Autonomous driving technologies have witnessed significant advances in recent years, yet the capability to generate accurate, diverse, and safe motion trajectories remains a key challenge, especially in complex and dynamic urban traffic scenarios. This project, entitled “Motion Generation via Next Action Prediction for Autonomous Driving”, aims to develop a novel approach that bridges the gap between action-level decision making and trajectory generation, enabling more realistic and controllable autonomous driving behavior.
The core objective of this project is to investigate and design an end-to-end framework that predicts a sequence of future driving actions—such as steering angles, accelerations, and braking—based on real-time perception of the environment, and subsequently generates feasible motion trajectories for autonomous vehicles. Unlike traditional trajectory prediction methods that directly output a set of future positions, our approach focuses on learning the mapping from observation to actions, which are then used to roll out trajectories in a closed-loop fashion. This enables better interpretability, easier integration with downstream planning and control modules, and improved robustness in highly interactive traffic scenes.
The proposed methodology leverages recent advances in deep learning, particularly sequence modeling and graph neural networks (GNNs), to effectively capture both the temporal dynamics and the heterogeneous interactions among multiple traffic participants (vehicles, pedestrians, cyclists, etc.) and road infrastructure. The model will take as input a bird’s-eye-view (BEV) representation of the driving scene, historical state information, and high-definition (HD) map features, and learn to predict the most plausible next actions for the ego vehicle and, optionally, surrounding agents. These predicted actions are then recursively applied to generate multimodal future trajectories that comply with road geometry, traffic rules, and interactive behavior patterns.

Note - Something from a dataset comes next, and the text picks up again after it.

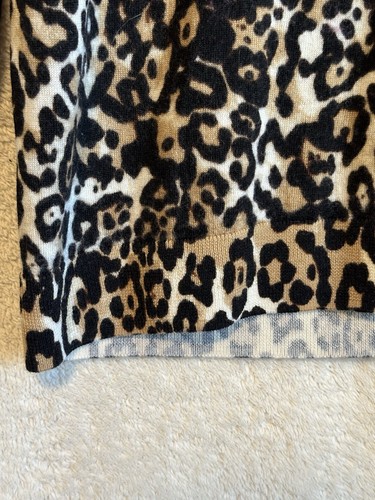 Talbots Leopard Print Soft 100% Merino Wool Sweater Medium Animal Print - Picture 4 of 7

This project will be validated on large-scale public autonomous driving datasets (such as Waymo Open Motion Dataset or Argoverse), and evaluated on various metrics including trajectory accuracy (minADE, minFDE), safety, and diversity. The anticipated outcome is a flexible, robust, and interpretable motion generation framework that can enhance the motion planning stack of autonomous driving systems, enabling safer and more human-like driving in complex environments. The developed models and tools are expected to benefit not only academic research but also the practical deployment of intelligent vehicles.